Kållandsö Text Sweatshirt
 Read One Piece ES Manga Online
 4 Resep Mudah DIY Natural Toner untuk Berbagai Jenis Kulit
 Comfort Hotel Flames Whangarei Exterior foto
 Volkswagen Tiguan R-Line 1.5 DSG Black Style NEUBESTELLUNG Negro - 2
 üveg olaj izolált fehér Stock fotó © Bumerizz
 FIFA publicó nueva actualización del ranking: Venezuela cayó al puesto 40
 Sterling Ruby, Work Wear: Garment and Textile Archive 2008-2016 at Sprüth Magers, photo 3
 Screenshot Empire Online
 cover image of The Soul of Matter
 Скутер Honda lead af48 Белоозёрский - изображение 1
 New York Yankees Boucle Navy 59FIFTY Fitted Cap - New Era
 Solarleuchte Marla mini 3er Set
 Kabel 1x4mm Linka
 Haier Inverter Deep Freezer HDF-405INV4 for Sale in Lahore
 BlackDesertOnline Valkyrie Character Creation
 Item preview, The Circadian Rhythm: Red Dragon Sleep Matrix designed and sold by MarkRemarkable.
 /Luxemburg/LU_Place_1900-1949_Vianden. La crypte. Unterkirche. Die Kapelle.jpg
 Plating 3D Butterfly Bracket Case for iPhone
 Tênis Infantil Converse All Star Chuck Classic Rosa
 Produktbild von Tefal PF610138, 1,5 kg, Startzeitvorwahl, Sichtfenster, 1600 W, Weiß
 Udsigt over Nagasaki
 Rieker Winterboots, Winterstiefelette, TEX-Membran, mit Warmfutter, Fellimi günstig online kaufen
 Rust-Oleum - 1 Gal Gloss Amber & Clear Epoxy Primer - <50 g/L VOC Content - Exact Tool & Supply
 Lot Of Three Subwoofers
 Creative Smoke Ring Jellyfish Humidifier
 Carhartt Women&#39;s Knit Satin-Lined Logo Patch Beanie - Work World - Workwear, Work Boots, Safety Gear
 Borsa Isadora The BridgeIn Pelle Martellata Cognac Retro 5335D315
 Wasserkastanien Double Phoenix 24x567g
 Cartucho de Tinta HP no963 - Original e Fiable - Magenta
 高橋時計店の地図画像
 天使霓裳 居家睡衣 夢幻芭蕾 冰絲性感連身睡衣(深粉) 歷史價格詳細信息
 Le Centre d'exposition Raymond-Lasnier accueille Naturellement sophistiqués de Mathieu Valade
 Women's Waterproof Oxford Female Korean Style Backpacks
◆ ◆ ◆ ◆
- _What this task involves_:
Return the whole listing, keeping every line exactly as it is.

- _Response for this exercise_:
Kållandsö Text Sweatshirt
 Read One Piece ES Manga Online
 4 Resep Mudah DIY Natural Toner untuk Berbagai Jenis Kulit
 Comfort Hotel Flames Whangarei Exterior foto
 Volkswagen Tiguan R-Line 1.5 DSG Black Style NEUBESTELLUNG Negro - 2
 üveg olaj izolált fehér Stock fotó © Bumerizz
 FIFA publicó nueva actualización del ranking: Venezuela cayó al puesto 40
 Sterling Ruby, Work Wear: Garment and Textile Archive 2008-2016 at Sprüth Magers, photo 3
 Screenshot Empire Online
 cover image of The Soul of Matter
 Скутер Honda lead af48 Белоозёрский - изображение 1
 New York Yankees Boucle Navy 59FIFTY Fitted Cap - New Era
 Solarleuchte Marla mini 3er Set
 Kabel 1x4mm Linka
 Haier Inverter Deep Freezer HDF-405INV4 for Sale in Lahore
 BlackDesertOnline Valkyrie Character Creation
 Item preview, The Circadian Rhythm: Red Dragon Sleep Matrix designed and sold by MarkRemarkable.
 /Luxemburg/LU_Place_1900-1949_Vianden. La crypte. Unterkirche. Die Kapelle.jpg
 Plating 3D Butterfly Bracket Case for iPhone
 Tênis Infantil Converse All Star Chuck Classic Rosa
 Produktbild von Tefal PF610138, 1,5 kg, Startzeitvorwahl, Sichtfenster, 1600 W, Weiß
 Udsigt over Nagasaki
 Rieker Winterboots, Winterstiefelette, TEX-Membran, mit Warmfutter, Fellimi günstig online kaufen
 Rust-Oleum - 1 Gal Gloss Amber & Clear Epoxy Primer - <50 g/L VOC Content - Exact Tool & Supply
 Lot Of Three Subwoofers
 Creative Smoke Ring Jellyfish Humidifier
 Carhartt Women&#39;s Knit Satin-Lined Logo Patch Beanie - Work World - Workwear, Work Boots, Safety Gear
 Borsa Isadora The BridgeIn Pelle Martellata Cognac Retro 5335D315
 Wasserkastanien Double Phoenix 24x567g
 Cartucho de Tinta HP no963 - Original e Fiable - Magenta
 高橋時計店の地図画像
 天使霓裳 居家睡衣 夢幻芭蕾 冰絲性感連身睡衣(深粉) 歷史價格詳細信息
 Le Centre d'exposition Raymond-Lasnier accueille Naturellement sophistiqués de Mathieu Valade
 Women's Waterproof Oxford Female Korean Style Backpacks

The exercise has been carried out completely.